The average number of days attackers are present on a network before being discovered is high—ranging from 205 to 256, depending on which report you read (FireEye’s 2015 M-Trends or Ponemon’s 2015 Cost of Data Breach). And the number of days it takes to resolve an incident is also high, averaging around 30. That number pales in comparison to how long it takes to remediate an incident when an insider is involved, which is more than double at a troubling 64 days.
The ability to quickly detect and respond to threats has never been more crucial, but many organizations do not have insider-threat programs in place and are struggling to deal with the issue. Security tools such as firewalls and access controls are designed to protect against untrusted external attackers, not trusted insiders.
So how do you know if your organization is doing enough to address insider threats?
Consider these questions:
Do you have an insider threat program in place?
Do you have the ability to define normal user behavior and/or identify abnormal behavior?
Do you automate the auditing of user behavior?
How far along are you with an effective identity and access management (IAM) program?
Do you audit the security practices of your service providers, contractors and other business partners?
Do you pay special attention to users with privileged access?
How are you auditing user policy adherence?

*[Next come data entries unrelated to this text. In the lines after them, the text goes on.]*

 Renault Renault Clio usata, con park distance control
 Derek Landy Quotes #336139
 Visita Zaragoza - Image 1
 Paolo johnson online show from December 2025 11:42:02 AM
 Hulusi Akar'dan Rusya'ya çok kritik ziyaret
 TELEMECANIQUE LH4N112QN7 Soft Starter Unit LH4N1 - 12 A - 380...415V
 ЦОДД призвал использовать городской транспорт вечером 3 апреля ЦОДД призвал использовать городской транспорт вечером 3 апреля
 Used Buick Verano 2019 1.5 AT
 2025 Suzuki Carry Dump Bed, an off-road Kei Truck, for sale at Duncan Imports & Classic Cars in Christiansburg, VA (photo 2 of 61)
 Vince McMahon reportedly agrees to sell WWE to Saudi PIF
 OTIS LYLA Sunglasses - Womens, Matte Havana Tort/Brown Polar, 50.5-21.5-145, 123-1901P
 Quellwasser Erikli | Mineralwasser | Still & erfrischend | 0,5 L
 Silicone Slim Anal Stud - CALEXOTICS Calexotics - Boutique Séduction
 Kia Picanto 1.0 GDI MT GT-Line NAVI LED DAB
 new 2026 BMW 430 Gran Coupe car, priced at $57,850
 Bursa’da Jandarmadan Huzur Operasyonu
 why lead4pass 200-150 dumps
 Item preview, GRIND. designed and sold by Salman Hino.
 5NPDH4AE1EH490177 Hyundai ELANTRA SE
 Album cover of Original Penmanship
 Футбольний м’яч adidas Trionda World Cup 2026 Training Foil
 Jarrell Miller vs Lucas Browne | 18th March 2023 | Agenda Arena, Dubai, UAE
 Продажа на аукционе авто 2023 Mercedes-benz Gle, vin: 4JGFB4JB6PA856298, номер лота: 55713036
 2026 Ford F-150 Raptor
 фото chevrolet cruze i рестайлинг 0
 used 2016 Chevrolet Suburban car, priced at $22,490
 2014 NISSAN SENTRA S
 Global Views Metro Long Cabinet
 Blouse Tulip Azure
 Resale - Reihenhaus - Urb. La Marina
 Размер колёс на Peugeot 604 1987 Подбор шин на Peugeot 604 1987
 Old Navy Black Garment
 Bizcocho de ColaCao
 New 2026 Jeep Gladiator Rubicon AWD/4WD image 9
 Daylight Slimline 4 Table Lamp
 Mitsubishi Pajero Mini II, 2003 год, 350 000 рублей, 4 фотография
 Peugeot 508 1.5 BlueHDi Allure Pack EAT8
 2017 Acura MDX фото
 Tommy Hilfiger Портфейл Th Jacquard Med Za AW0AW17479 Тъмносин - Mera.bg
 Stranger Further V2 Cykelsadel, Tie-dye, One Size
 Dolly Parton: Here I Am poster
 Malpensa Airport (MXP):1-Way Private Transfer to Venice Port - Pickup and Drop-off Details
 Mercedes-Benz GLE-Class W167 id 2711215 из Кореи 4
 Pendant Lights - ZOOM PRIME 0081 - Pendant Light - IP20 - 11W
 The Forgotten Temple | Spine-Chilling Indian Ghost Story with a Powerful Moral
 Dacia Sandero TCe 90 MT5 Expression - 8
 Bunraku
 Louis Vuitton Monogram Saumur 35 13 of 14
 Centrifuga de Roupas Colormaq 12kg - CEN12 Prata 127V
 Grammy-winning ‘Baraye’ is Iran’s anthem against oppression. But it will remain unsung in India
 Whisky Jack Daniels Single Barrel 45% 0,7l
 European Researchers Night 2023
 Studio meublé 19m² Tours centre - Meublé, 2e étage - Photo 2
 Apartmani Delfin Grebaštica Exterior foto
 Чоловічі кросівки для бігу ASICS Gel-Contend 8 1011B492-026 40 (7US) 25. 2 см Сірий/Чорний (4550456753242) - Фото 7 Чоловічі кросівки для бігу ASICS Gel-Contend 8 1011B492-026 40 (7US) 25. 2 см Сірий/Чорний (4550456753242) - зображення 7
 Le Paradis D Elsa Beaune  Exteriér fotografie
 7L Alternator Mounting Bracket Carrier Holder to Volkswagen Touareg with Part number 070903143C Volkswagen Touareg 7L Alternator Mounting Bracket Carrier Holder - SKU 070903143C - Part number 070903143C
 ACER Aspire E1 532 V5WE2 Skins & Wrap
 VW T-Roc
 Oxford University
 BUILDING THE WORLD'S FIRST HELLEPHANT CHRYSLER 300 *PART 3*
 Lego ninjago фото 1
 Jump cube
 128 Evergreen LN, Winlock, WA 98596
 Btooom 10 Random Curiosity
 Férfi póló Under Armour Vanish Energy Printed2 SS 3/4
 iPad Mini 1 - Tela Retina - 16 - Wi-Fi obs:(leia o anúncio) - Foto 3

If you are surprised by how many of these questions you cannot answer, you are not alone.
Many organizations are so focused on the latest external threat that they overlook their own business ecosystem, and are not equipped to detect or respond to internal threats.
Specialized tools and services can help you form a strong insider threat strategy.
In addition to best practices such as robust personnel background checks, security awareness programs and policy strategies for social media and BYOD, there are tools and services available to help you mitigate insider threats.
Solutions such as data loss prevention (DLP), IAM, security information and event management (SIEM), network analytics and user behavior analytics (UBA) facilitate the detection of users with high-risk identity profiles, as well as high-risk activity, access, and events associated with insider threats.
Professional services such as security program assessments help to evaluate the overall state of your organization’s security and identify gaps exposing you to insider threats. And compromise assessments can determine whether or not malicious activity is already taking place on your network.
Developing a comprehensive insider threat strategy shouldn’t be an afterthought.
In today’s cyber-security landscape, it’s no longer enough to look outwards and focus on what's coming in; in order to effectively address insider threats, security teams should also look inwards to evaluate what's going on within the company, and what's going out.
With the right approach, you can gather the actionable insider threat intelligence you need to get visibility into the highest-risk users in your environment and the tools to monitor, report on, and investigate them. This helps you transform user data into an operational asset, and can prevent your organization from making the wrong kind of headlines.